Solo per comodità parliamo qui delle due amnistie, poiché esistono come è noto vari altri strumenti giuridici appropriati quali l'indulto, il patteggiamento allargato, provvedimenti di grazia mirati, che possono essere calibrati dal Parlamento, dal governo, dal Presidente della Repubblica, allo scopo di meglio suturare le ferite del tessuto sociale là dove l'amministrazione ordinaria della Giustizia non è in grado di farvi fronte da sola.
Ma che cosa lega, dunque, vicende diversissime tra loro come quella che tanti lutti costò all'Italia tra gli Anni Settanta e gli Ottanta e lo scoperchiamento dell'improprio rapporto politica-economia che ha prodotto il crollo della Prima Repubblica? In entrambi i casi è accaduto che un comportamento illegale assumesse le dimensioni di fenomeno sociale diffuso. Ciò che naturalmente non assolve chi si è macchiato di reati più o meno gravi, ma - come vedremo - rende impensabile che il ripristino della normalità possa equamente realizzarsi solo applicando il codice penale. Il paradosso è che non ritorna alla normalità con strumenti normali. Riconosciuto un tratto comune alle due patologie sociali, è poi facile indicarne le differenze: la prima ha coinvolto spezzoni di movimento giovanile (per lo più studenti e operai) orientati all'estrema sinistra e all'estrema destra; la seconda invece chiama in causa settori politici, economici, istituzionali della nostra classe dirigente.
Nel primo caso si tratta di riequilibrare l'eccezionale severità (regolata da apposite leggi "speciali") con cui lo Stato ha perseguito la sconfitta dei movimenti eversivi e punito alcune migliaia di loro aderenti, 225 dei quali sono tuttora detenuti.
Nel caso di Tangentopoli la situazione si presenta come rovesciata: l'obbligatorietà dell'azione penale ha portato la magistratura a mettere sotto inchiesta un sistema talmente vasto e ramificato da rendere impensabile il suo esame in tempi ragionevoli.

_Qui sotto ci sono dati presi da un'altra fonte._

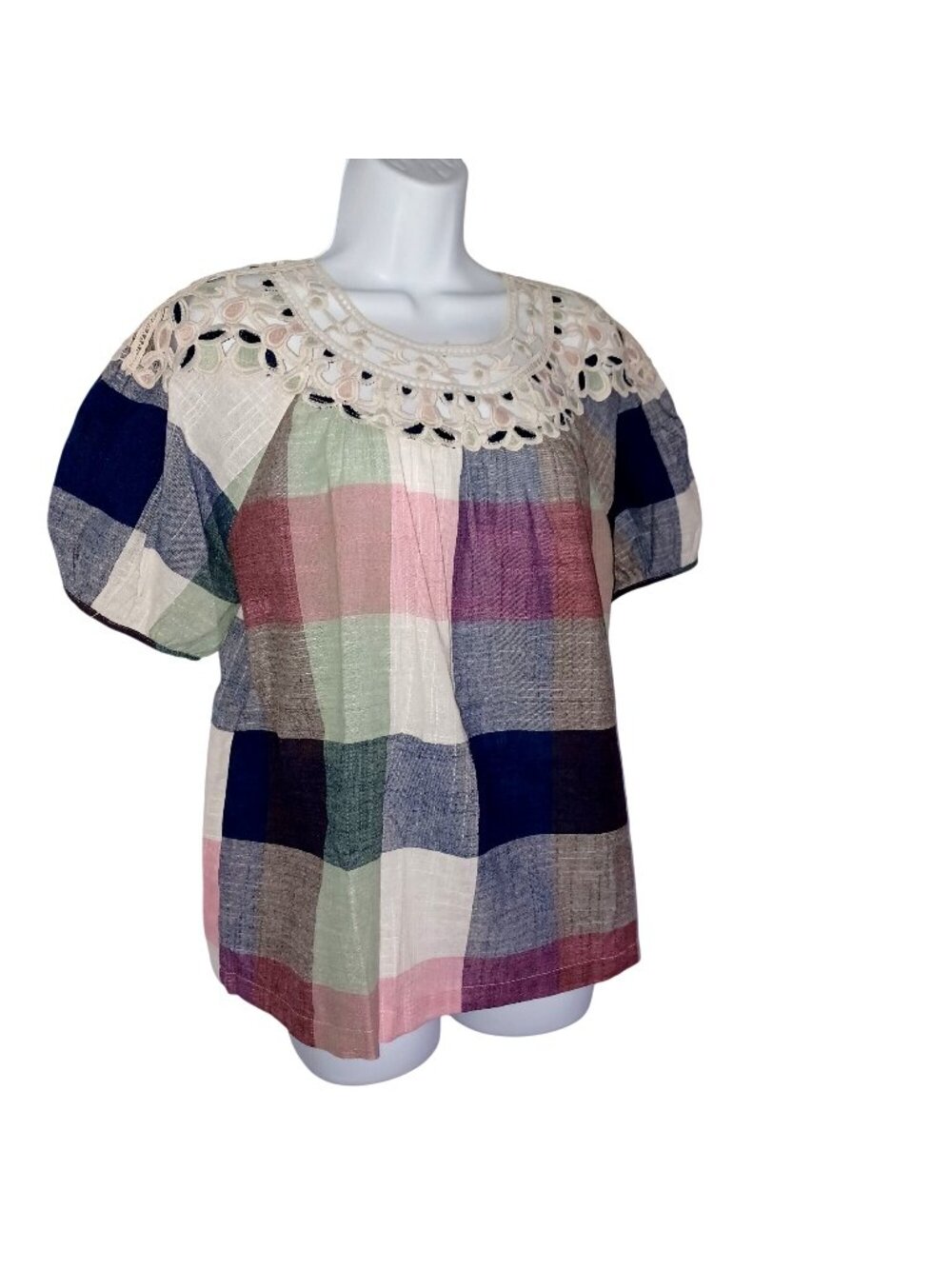 Patchwork Blouse Top Plaid Boho Cottage Core Crochet Peasant Cotton Women's Med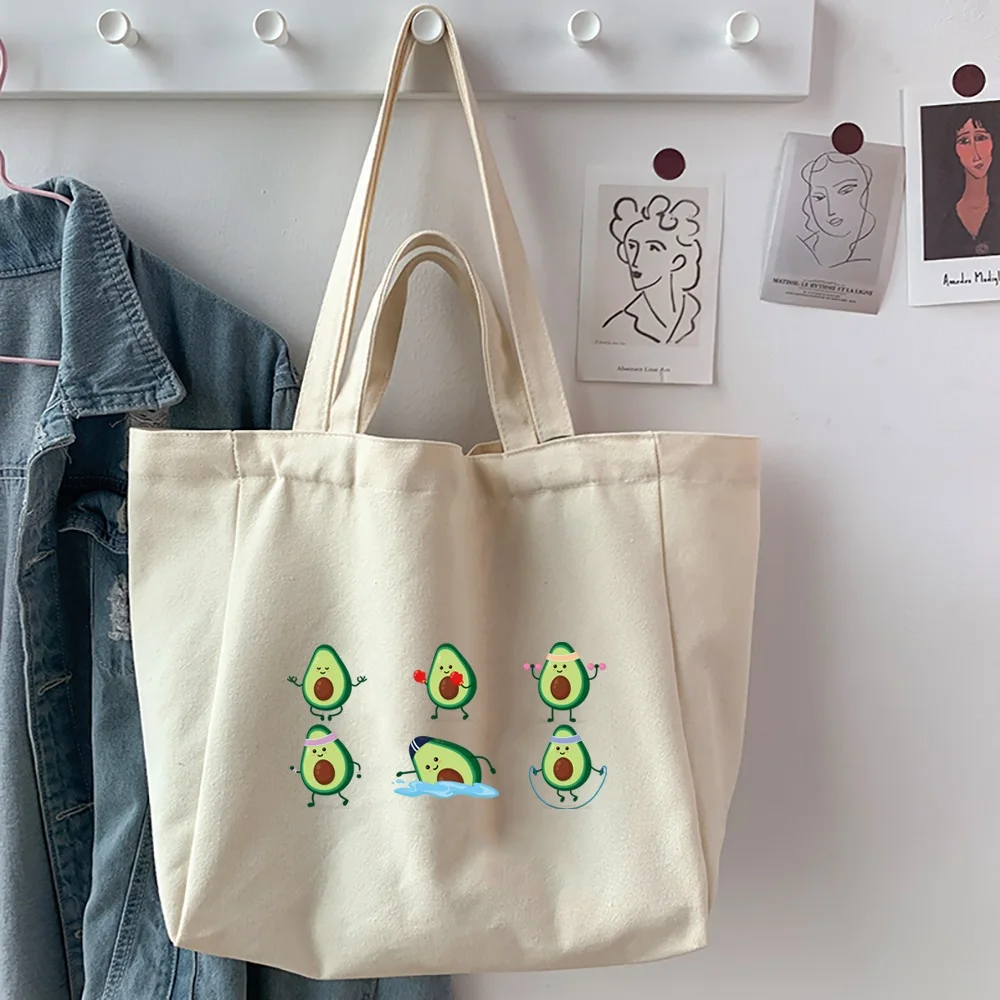 2022 Shopping Bags Foldable Ladies Canvas Shoulder Bags Avocado Printed Women's Shopper Bags Handbag Travel Work Tote Pouch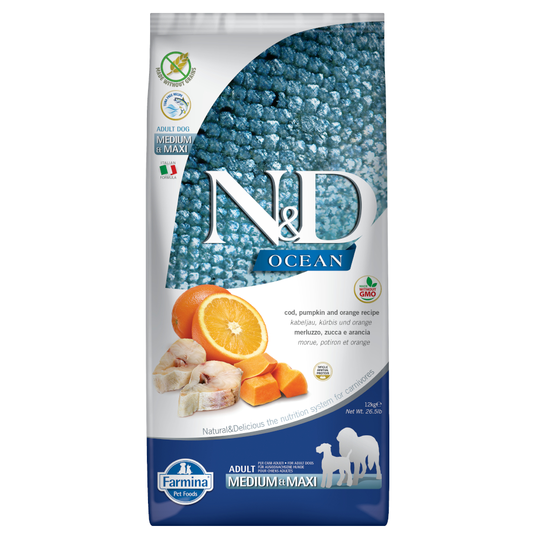 Farmina N&D Ocean Grain Free Cod, Pumpkin & Orange Medium & Maxi - 12 kg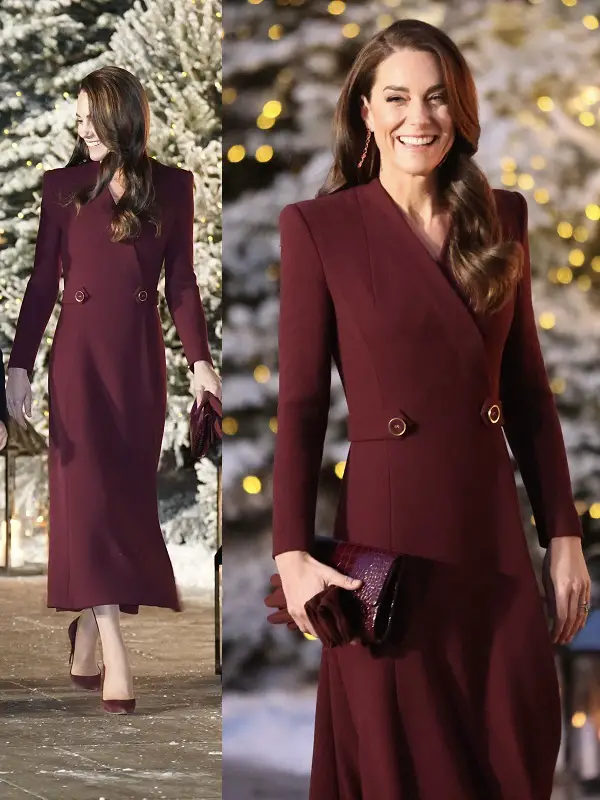 Catherine The Princess of Wales wore Eponine London Chi Chi Burgundy Coat Dress in December 2022 at the Christmas Carol service.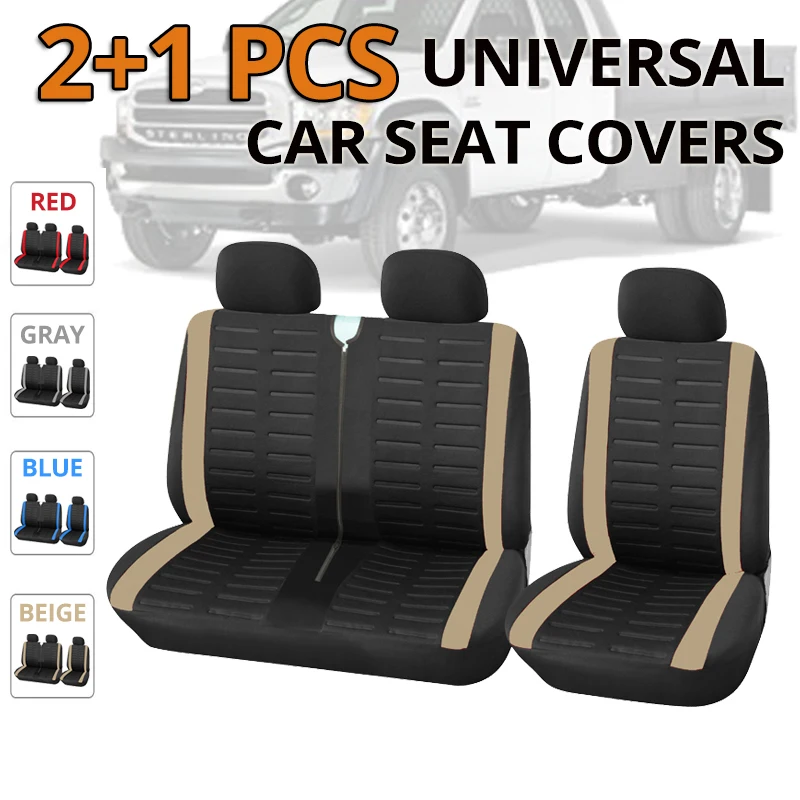 1+2 Beige Seat Covers Car Seat Cover for Transporter/Van, Universal for 2+1 Car Seater, Truck Interior, for Renault Master 3 Sea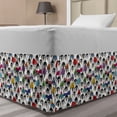 thumbnail image 1 of Sea Animals Bed Skirt, Pattern Penguins in Colorful Hats and Scarfs Cold Winter Fun Art, Elastic Bedskirt Dust Ruffle Wrap Around for Bedding Decor, 4 Sizes, Multicolor, by Ambesonne, 1 of 2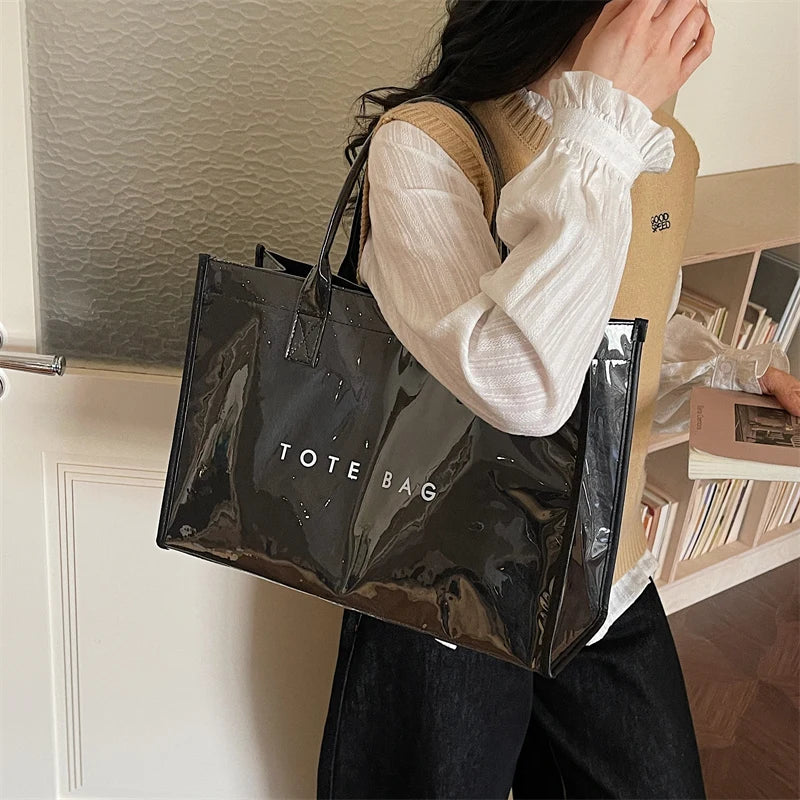 Women's Glossy Leather Tote Bag Letter Print Large Capacity Casual Commuter Shoulder Bag Fashion Daily Shopping Handbag 2026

Già le inchieste e i processi hanno dato il loro contributo di fatto a un parziale ricambio di classe dirigente, inducendo al ritiro molti indagati, producendo dimissioni e mancate ricandidature di altri. Ma il futuro delle indagini è sballottato tra rivelazioni casuali e condizionamenti politici. Del resto è giusto chiedersi se abbia senso proseguire giudiziariamente quel ricambio di classi dirigenti che per via fisiologica non si è prodotto. La parzialità di tale ricambio non dipenderà anche da mancanza di alternative?
Se nel caso del terrorismo si tratta dunque di ridimensionare condanne di molto più elevate rispetto a quelle comminate per reati analoghi a detenuti non politici, l'emergenza Tangentopoli rischia di chiudersi con l'esito opposto. Questo è il punto. In assenza di una soluzione politica (corredata di quelle leggi anti-corruzione che ancora tardano a essere approvate), i partiti, il Parlamento, il governo tenderanno inevitabilmente ad assumere provvedimenti di neutralizzazione della magistratura. Saranno portati a imbavagliarla perché non si è trovata un'alternativa per chi ha operato nel mercato e nelle istituzioni. Non a caso l'opportunità di una soluzione politica è avvertita soprattutto tra i magistrati più efficienti e vigili.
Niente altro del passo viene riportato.